Why Photo Radar?

So why does the City of Edmonton use photo radar? That question keeps bubbling up in Edmonton, as predictable as snow on Halloween.

You’ve probably noticed the vans parked on commuter routes across the City.  You may also see them near elementary schools, now that the new 30 km/hr speed limits are in place.

The reason the City of Edmonton uses photo radar is that it is a proven method to get speeders to slow down and thus reduce preventable collisions.

“The question is not how effective is photo radar at saving lives, it’s how can we make it more effective to save even more lives,” says Dr. Karim El-Basyouny, the City of Edmonton’s Research Chair in Urban Traffic Safety at the University of Alberta.

Professor El-Basyouny just completed a study looking at what happened to collision statistics on the arterial roads where Edmonton used automated photo enforcement (aka photo radar) from 2005-2013.

Dr. El-Basyouny found that on the roads where there was continuous enforcement, severe collisions went down by 32%, speed-related collisions were reduced by 27% and overall collisions were cut by 28%.

You may not think that a ticket in the mail actually makes you slow down.  But it does.  Research shows you’re more likely to obey a law if you know you’ll be punished when you break it.

In fact, for many of us just seeing the van is enough to get us to slow down, even if the radar is pointed at traffic going in the other direction. Dr. El-Basyouny calls this the “spillover effect”.

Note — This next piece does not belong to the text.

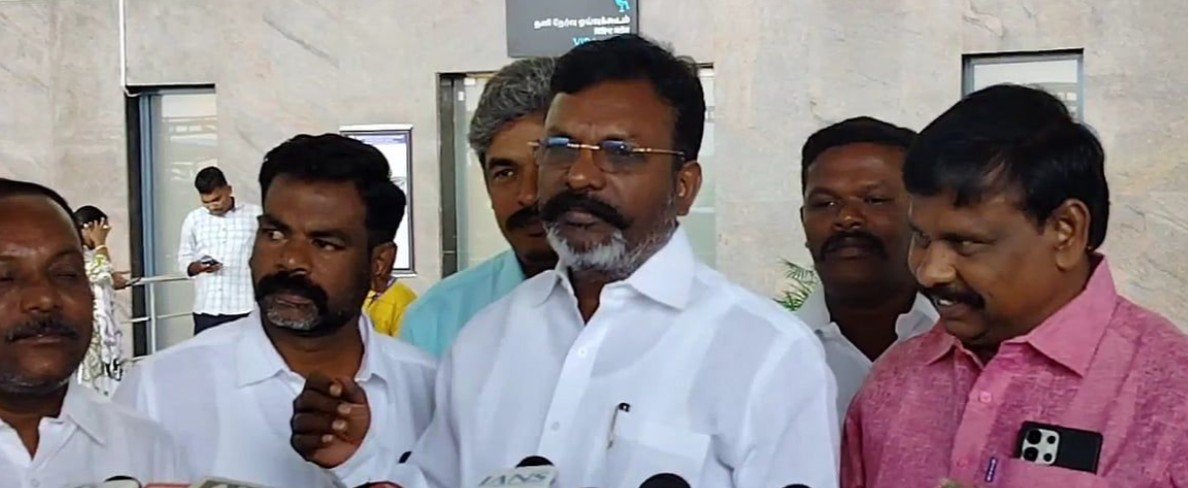 VCK backs Cong demand for share in govt if DMK alliance returns to power in TN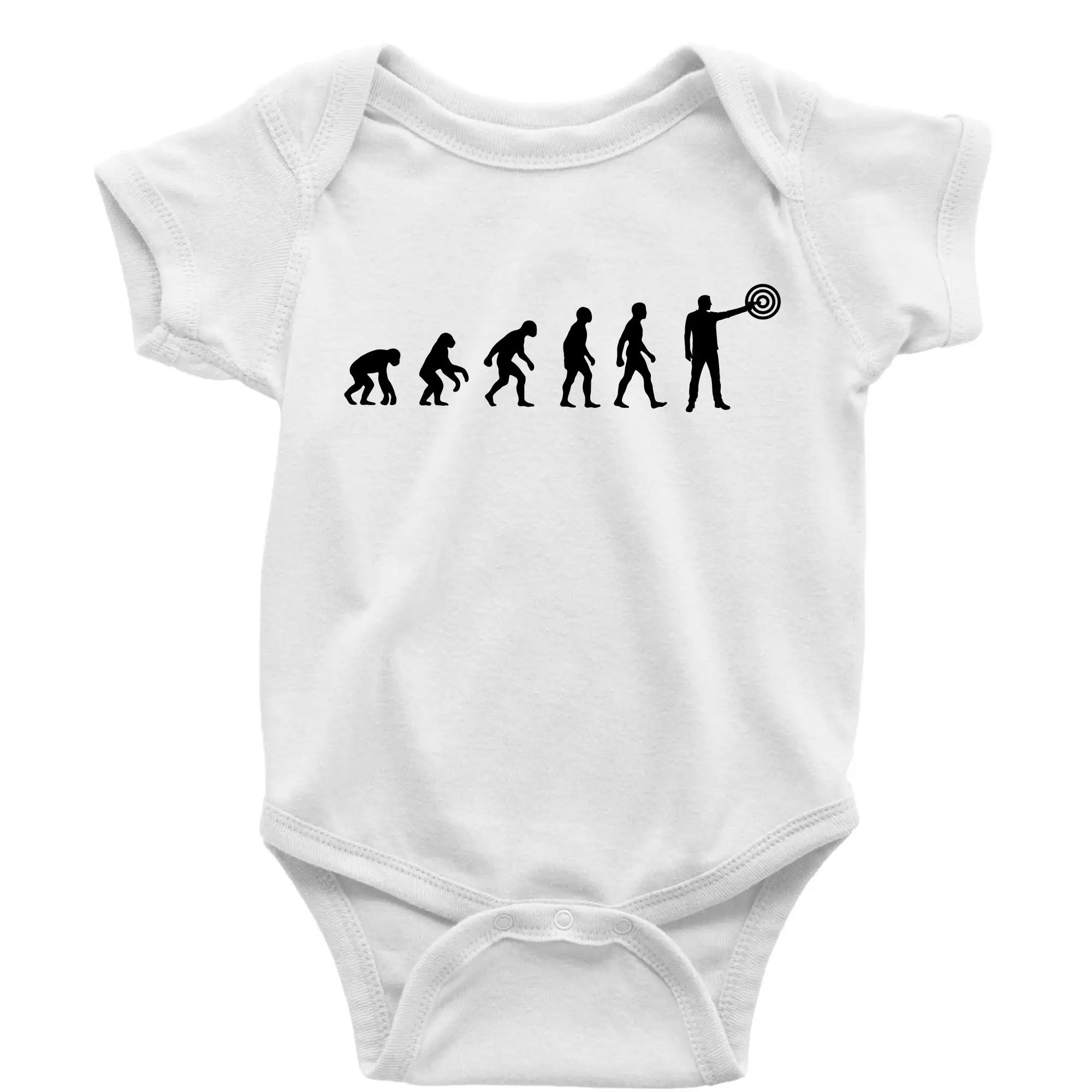 Evoluce střelec terč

Dr. El-Basyouny’s paper is right now under review for publication in the Transportation Research Record, a prestigious peer-reviewed journal on traffic safety.  It’s not a general reesarch study about the potential impact of photo radar on driver behaviour.  It’s an Edmonton study based on Edmonton traffic statistics.  And the evidence is irrefutable.

“The outrage in the media about photo radar is not substantiated,”  says El-Basyouny.

Some people say that automated enforcement is just a revenue generator for municipal coffers. This criticism applies to any municipality, not just Edmonton; what’s more, you could apply the same logic to any municipal bylaw that’s routinely enforced.  But in Edmonton we do things a little bit differently, in that revenue from photo radar can only be spent on traffic safety programs, not on general City expenses.

If you get a ticket in the mail, you’ll get a copy of a traffic safety flyer too, which includes some eye-popping facts. For example, did you know that the risk of a collision doubles at 5 km/h over the speed limit in a 60 km/h zone?  The risk is four times higher at 10 km/h over and 10 times higher at 15 km/h over the speed limit.

Automated Photo Enforcement can’t make distracted drivers pay attention.  It can’t force tailgaters to back off.  But it can remind all of us to slow down and drive more carefully.  After all, a recent EPS survey indicates speeding/careless driving is the number one public safety concern of Edmontonians.